Ignoring the issue of whether it is even appropriate for rabbinical students to study at a Christian seminary, it would seem irresponsible to partner with an institution that maintains relationships with groups reported to have Islamist ties. The participation of JTS in programs at such an institution suggests that it has little understanding regarding core elements of doctrinal Islam, including anti-Jewish hostility and the mandate to engage in dissimulation (taqiyya or kitman) with “infidels.” A real learning opportunity would be to engage in analytical deconstruction of such programs, but in order to do so JTS would need students or faculty with adequate Arabic language skills and critical knowledge of the entire corpus of the Sunna, including the Quran, Ahadith, Sirat, and all other Islamic commentaries. 

The Anti-Defamation League has also engaged in interfaith apologetics by devoting resources to condemning “Islamophobia,” even though law enforcement statistics show that there are very few incidents of discrimination – and virtually no violence – against Muslims in America. While the ADL is also concerned about the dramatic increase in antisemitic violence, it ironically seems to ignore the role of doctrinal Islam in nurturing and spreading Jew-hatred. Instead, the ADL persists in exhorting against an anti-Muslim bias that statistically seems not to exist, going so far as to cooperate with CAIR in lobbying against proposed legislation in Florida that would have provided state constitutional protections against the adoption of foreign laws, including Sharia, by state courts. Similar to JTS, the ADL seemed unconcerned about its involvement with a group identified as an “unindicted co-conspirator” in the Holy Land Foundation trial.  

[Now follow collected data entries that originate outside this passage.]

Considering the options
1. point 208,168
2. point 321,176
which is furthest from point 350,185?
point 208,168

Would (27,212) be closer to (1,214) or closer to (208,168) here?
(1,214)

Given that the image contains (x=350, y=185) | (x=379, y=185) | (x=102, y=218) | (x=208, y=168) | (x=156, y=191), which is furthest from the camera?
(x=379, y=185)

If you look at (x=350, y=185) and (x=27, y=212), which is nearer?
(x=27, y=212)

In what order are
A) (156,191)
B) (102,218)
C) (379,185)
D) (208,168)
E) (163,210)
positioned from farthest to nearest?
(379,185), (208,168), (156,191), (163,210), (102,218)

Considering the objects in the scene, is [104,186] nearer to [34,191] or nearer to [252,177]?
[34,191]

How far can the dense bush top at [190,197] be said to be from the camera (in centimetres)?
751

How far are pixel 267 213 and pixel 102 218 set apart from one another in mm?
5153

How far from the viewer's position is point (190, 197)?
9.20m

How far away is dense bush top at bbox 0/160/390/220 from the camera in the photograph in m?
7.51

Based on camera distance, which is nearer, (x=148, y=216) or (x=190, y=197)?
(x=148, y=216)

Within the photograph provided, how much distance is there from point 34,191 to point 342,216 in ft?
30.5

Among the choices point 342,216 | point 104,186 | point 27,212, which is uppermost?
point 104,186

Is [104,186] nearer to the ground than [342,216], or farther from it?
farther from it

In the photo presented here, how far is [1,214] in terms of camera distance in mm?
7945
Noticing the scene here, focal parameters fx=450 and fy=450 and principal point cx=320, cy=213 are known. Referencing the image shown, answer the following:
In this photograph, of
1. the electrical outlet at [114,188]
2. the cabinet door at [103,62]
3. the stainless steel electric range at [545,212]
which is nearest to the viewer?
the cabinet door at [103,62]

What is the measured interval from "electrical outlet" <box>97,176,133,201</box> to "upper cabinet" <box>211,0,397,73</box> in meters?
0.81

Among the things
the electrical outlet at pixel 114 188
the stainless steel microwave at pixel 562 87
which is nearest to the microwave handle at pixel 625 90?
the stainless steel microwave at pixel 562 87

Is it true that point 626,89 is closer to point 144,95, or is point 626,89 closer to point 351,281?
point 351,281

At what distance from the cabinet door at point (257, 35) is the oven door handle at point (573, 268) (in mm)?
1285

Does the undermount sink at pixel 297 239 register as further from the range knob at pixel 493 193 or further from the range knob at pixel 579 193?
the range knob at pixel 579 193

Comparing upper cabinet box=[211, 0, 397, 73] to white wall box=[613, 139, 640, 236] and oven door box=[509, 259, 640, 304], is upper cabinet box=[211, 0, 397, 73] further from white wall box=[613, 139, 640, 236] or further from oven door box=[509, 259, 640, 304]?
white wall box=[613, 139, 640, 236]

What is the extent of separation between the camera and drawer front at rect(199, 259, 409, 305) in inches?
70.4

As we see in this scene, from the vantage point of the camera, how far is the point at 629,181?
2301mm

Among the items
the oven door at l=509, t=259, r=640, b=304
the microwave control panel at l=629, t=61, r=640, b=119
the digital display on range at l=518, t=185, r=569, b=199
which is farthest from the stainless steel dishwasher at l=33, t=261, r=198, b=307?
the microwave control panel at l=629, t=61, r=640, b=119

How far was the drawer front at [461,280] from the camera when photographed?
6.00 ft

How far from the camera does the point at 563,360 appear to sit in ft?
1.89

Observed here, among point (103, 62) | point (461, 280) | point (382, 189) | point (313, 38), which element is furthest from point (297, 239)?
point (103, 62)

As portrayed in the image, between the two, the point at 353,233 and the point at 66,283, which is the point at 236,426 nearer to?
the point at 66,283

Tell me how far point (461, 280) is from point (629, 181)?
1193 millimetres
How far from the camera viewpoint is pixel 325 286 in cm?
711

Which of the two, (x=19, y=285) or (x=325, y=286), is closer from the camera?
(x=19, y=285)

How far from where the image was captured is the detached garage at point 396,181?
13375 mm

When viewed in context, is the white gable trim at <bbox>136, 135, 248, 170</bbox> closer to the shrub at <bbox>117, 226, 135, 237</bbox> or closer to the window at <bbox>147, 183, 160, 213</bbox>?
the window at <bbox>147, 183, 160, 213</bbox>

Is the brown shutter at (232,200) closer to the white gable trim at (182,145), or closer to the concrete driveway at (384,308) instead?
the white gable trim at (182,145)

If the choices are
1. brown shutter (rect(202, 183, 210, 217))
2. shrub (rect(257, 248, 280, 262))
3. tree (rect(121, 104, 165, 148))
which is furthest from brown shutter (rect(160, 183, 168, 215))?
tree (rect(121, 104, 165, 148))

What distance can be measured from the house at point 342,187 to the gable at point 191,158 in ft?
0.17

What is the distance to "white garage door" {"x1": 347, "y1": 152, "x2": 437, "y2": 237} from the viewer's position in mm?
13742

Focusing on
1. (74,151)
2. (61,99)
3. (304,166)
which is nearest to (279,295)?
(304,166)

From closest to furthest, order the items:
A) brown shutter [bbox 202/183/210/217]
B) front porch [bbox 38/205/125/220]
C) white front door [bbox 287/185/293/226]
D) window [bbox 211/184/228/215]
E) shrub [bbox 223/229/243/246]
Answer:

A common strategy for those who downplay the Islamist threat is to claim that Christian radicalism is far more menacing. Such comparisons, however, are intellectually dishonest. If Christian radicalism can be identified with anti-abortion extremism, a review of law enforcement statistics shows that attacks on abortion clinics are not comparable to Islamist terrorism, and often involve criminal mischief or crimes against property. Though there have been arsons and bombings directed at property and, since 1993, eight murders in the U.S., anti-abortion activities pale in number, frequency and severity to the acts of terrorists who kill and maim Jews, Israelis, Westerners, and even their own people, and who routinely target men, women and children. Moreover, extreme violence against abortion providers is generally condemned by American Christians, whereas terrorism against Jews and the West is lauded throughout the Arab-Muslim world. To say that harassment of abortion providers is the same as Islamist terrorism is a faulty syllogism at best.

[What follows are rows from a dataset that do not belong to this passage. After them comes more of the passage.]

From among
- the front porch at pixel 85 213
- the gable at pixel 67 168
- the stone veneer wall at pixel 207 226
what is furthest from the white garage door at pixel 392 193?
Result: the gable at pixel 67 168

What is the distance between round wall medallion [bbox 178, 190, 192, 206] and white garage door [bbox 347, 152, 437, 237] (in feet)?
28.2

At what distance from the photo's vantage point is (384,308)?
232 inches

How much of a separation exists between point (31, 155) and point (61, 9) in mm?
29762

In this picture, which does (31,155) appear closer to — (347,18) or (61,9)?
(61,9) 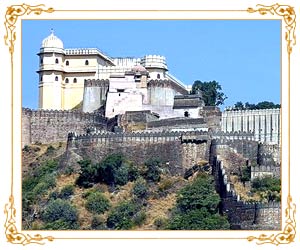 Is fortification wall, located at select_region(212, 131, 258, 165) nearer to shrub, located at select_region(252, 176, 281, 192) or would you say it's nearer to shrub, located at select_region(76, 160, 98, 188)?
shrub, located at select_region(252, 176, 281, 192)

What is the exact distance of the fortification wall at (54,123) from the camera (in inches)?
1889

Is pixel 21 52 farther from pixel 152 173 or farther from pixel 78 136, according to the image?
pixel 78 136

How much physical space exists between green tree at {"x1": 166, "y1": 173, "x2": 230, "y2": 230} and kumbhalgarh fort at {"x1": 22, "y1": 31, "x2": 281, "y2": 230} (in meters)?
0.29

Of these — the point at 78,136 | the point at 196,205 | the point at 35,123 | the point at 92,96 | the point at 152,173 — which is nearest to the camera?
the point at 196,205

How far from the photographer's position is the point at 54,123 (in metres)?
48.2

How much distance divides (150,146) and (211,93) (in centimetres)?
1167

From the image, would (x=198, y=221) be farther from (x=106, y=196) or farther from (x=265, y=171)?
(x=106, y=196)

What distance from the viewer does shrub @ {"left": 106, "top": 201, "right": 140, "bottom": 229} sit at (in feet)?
122

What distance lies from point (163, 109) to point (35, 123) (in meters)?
5.46

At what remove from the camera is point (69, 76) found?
5372cm

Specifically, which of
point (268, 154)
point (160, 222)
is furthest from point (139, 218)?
point (268, 154)

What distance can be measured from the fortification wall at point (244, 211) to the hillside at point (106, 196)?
367mm

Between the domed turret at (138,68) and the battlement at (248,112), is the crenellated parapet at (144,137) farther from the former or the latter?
the domed turret at (138,68)

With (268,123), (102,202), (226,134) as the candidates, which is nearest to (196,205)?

Although there are still Christians who dislike Jews and Israel, they do not engage in terrorism, and no longer prosecute holy wars as matters of religious imperative. In contrast, jihad and hatred of Jews remain core elements of doctrinal Islam. So it is disingenuous to claim that Christian fundamentalism is a greater threat to Jews than Islamist extremism. Nevertheless, liberals continue to argue thus because: (a) they fear that conservative Christians are making electoral inroads among those for whom Israel remains a priority; (b) conservatives today generally have better voting records on Israel; and (c) many Evangelicals support Israel for the right reasons and with no ulterior motives. It remains to be seen whether this divide-and-conquer strategy will prove successful in the upcoming election, and whether mainstream Jewish organizations and institutions will continue their apologetic quest for dialogue with those who still believe in conquest and subjugation.  

Matthew M. Hausman is a trial attorney and writer.